Compute sample-level spillover summary scores
Source:R/questions.R
summarize_spillover_per_sample.Rd
Aggregates expression data using gene-level spillover weights. Accepts either a single matrix/vector or lists of both for timecourse-style analysis (e.g., paired with `spillover_timecourse()`).
Usage
summarize_spillover_per_sample(
expr,
spillover,
summary_fn = NULL,
normalize_scores = FALSE,
genes_in_rows = FALSE,
abs_expression = FALSE,
verbose = TRUE
)
Arguments
- expr
Either a matrix/data.frame (genes × samples) or a list of such matrices.
- spillover
Either a named numeric vector of spillover scores or a list of such vectors.
- summary_fn
Optional custom function: takes two arguments (expr, spillover) and returns a scalar. Default is a weighted sum of expr × spillover.
- normalize_scores
Logical. Whether to normalize spillover scores (ie return spillover Z scores) (default = FALSE).
- genes_in_rows
Logical. TRUE if rows are genes and columns are samples (default = FALSE).
- abs_expression
Logical. If TRUE, take absolute value of expression before summarizing (default = FALSE).
- verbose
Logical.
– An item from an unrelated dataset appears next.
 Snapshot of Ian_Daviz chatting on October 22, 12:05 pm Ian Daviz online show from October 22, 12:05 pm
Whether to print progress and diagnostics (default = TRUE).
#' @details **Interpreting Per-Sample Spillover Scores**
This function computes a summary score for each sample, reflecting how strongly the sample expresses genes that were influenced by network-based spillover from upstream signals (e.g., hub genes or initiators).
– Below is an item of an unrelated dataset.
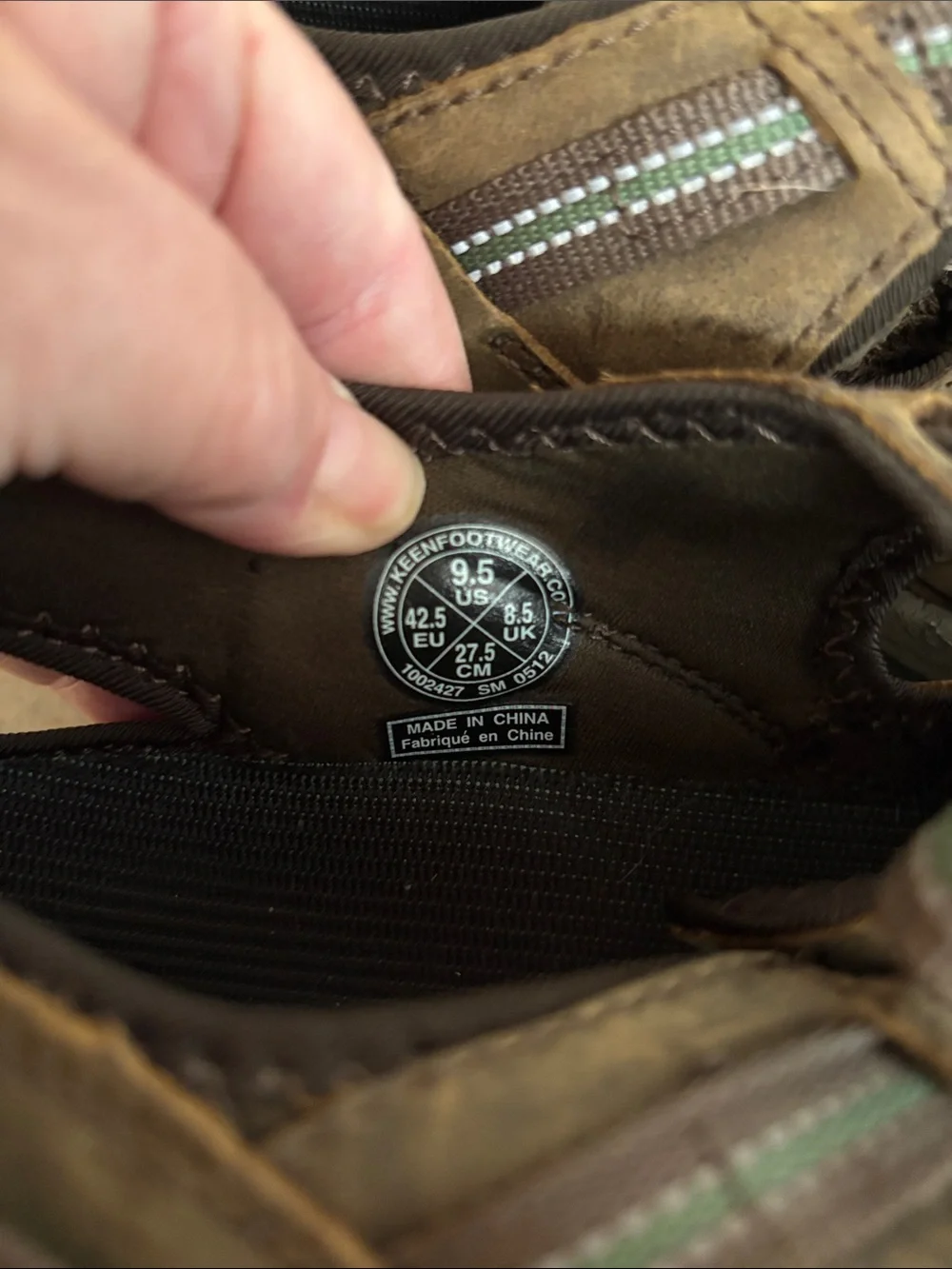 Keen Brown Men’s Closed-Toe Outdoor Sandals size 9.5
The default scoring function calculates a weighted sum:
$$ \text{score}_s = \sum_{g \in G} \text{expression}_{gs} \times \text{spillover}_g $$
where: - \(G\) is the set of genes with non-zero spillover - \(\text{expression}_{gs}\) is the expression of gene *g* in sample *s* - \(\text{spillover}_g\) is the spillover score assigned to gene *g* at that timepoint
This score can be interpreted as the degree to which a sample expresses the genes that received signal via network propagation. Higher values suggest a stronger manifestation of upstream network activity.
**Z-score Option (`normalize_samples = TRUE`):** When this is enabled, the resulting spillover scores are standardized across samples:
$$ Z_s = \frac{\text{score}_s - \mu}{\sigma} $$
where \(\mu\) and \(\sigma\) are the mean and standard deviation of spillover scores across all samples. Z-scores are useful for comparing samples across different datasets or timepoints, or when integrating with other predictors.
**Absolute Expression Option (`abs_expression = TRUE`):** This flag takes the absolute value of expression values before applying the spillover weights. This helps avoid signal cancellation if the expression data has been centered, scaled, or otherwise contains negative values. It is especially useful when the presence or magnitude of expression is of interest, rather than its direction.